Mit Blick auf die Systematik der hier besprochenen Bestimmungen ist allerdings hervorzuheben, dass nicht nur § 36a AsylG 2005 eine Hemmung der Entscheidungsfrist der Vertretungsbehörden vorsieht: Schon im Verfahren nach § 35 AsylG 2005 besteht eine Fristhemmung für den Zeitraum zwischen Antragsvorlage beim BFA und dem Einlangen einer Mitteilung gemäß § 35 Abs. 4 AsylG 2005. Mit dem nunmehrigen System wird es daher zu „doppelten“ bzw. einander überlagernden Hemmungen kommen, deren Verhältnis zueinander unklar bleibt, die allerdings bei der Beurteilung von Säumnisbeschwerden – die ausdrücklich auch in den Übergangsbestimmungen (§ 75 Abs. 28 AsylG 2005) angesprochen werden – zu berücksichtigen sein werden. Gesetz und Materialien lassen ebenfalls ungeklärt, wie sich die mit der Antragsvorlage ausgelöste Hemmung gemäß § 35 Abs. 4 letzter Satz AsylG 2005 auf die achtwöchige Frist des § 36a Abs. 3 zweiter Satz zur Erlassung eines Feststellungsbescheides, der in der Praxis von der Einschätzung des BFA abhängen wird, auswirkt.

Abschließend ist darauf hinzuweisen, dass der Gesetzgeber im Zusammenhang mit der Aussetzung von Familienzusammenführungsverfahren – die durch einen Notstand gerechtfertigt wird – ausdrücklich eine Einzelfallabwägung nach Art. 8 EMRK implementiert hat. Demgegenüber schließt § 35 Abs. 4 Z 1 AsylG 2005 eine positive Mitteilung des BFA aus, wenn gegen die Bezugsperson ein Aberkennungsverfahren anhängig ist; eine Interessenabwägung gemäß Art. 8 EMRK ist in diesen Fällen nicht vorgesehen. Angesichts der derzeit hohen Zahl anhängiger Aberkennungsverfahren gegen Bezugspersonen bleibt abzuwarten, ob dieser Wertungswiderspruch künftig Anlass geben wird, das Fehlen einer Einzelfallprüfung nach Art. 8 EMRK im Rahmen eines Normprüfungsverfahrens zu § 35 Abs. 4 Z 1 AsylG 2005 aufzugreifen.

Zusammenfassend lässt sich sagen, dass die Aussetzung der Verfahren nach § 35 AsylG 2005 – unabhängig von ihrer unionsrechtlichen Tragfähigkeit – zahlreiche inhaltliche Fragen offenlässt.
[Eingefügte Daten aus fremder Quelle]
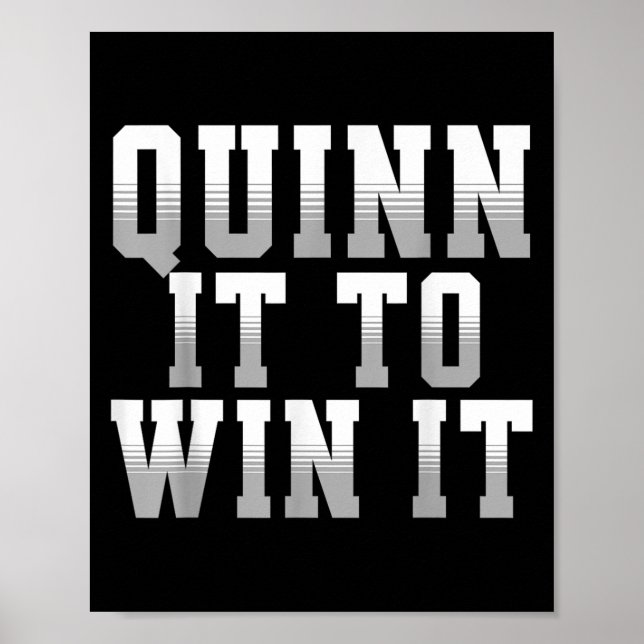 Poster Quinn It To Win It Motivational Srts Motto 4 Coach (Frente)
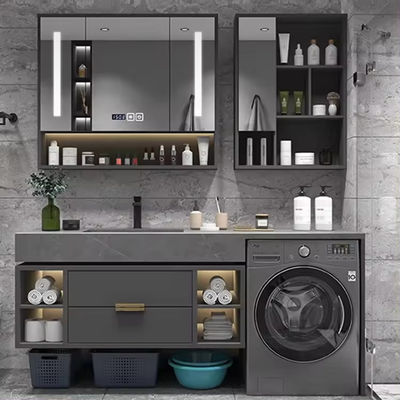 Modern 48 Inch Banyo Vanity Lavabo Dolabı Kombinasyonu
Ob die nur vorübergehend vorgesehenen Maßnahmen dennoch langfristig Einfluss auf die höchstgerichtliche Rechtsprechung entfalten werden, bleibt abzuwarten – zumal die bevorstehende GEAS-Reform zusätzliche, bislang nicht vorhersehbare Auswirkungen auf den Familiennachzug mit sich bringen wird.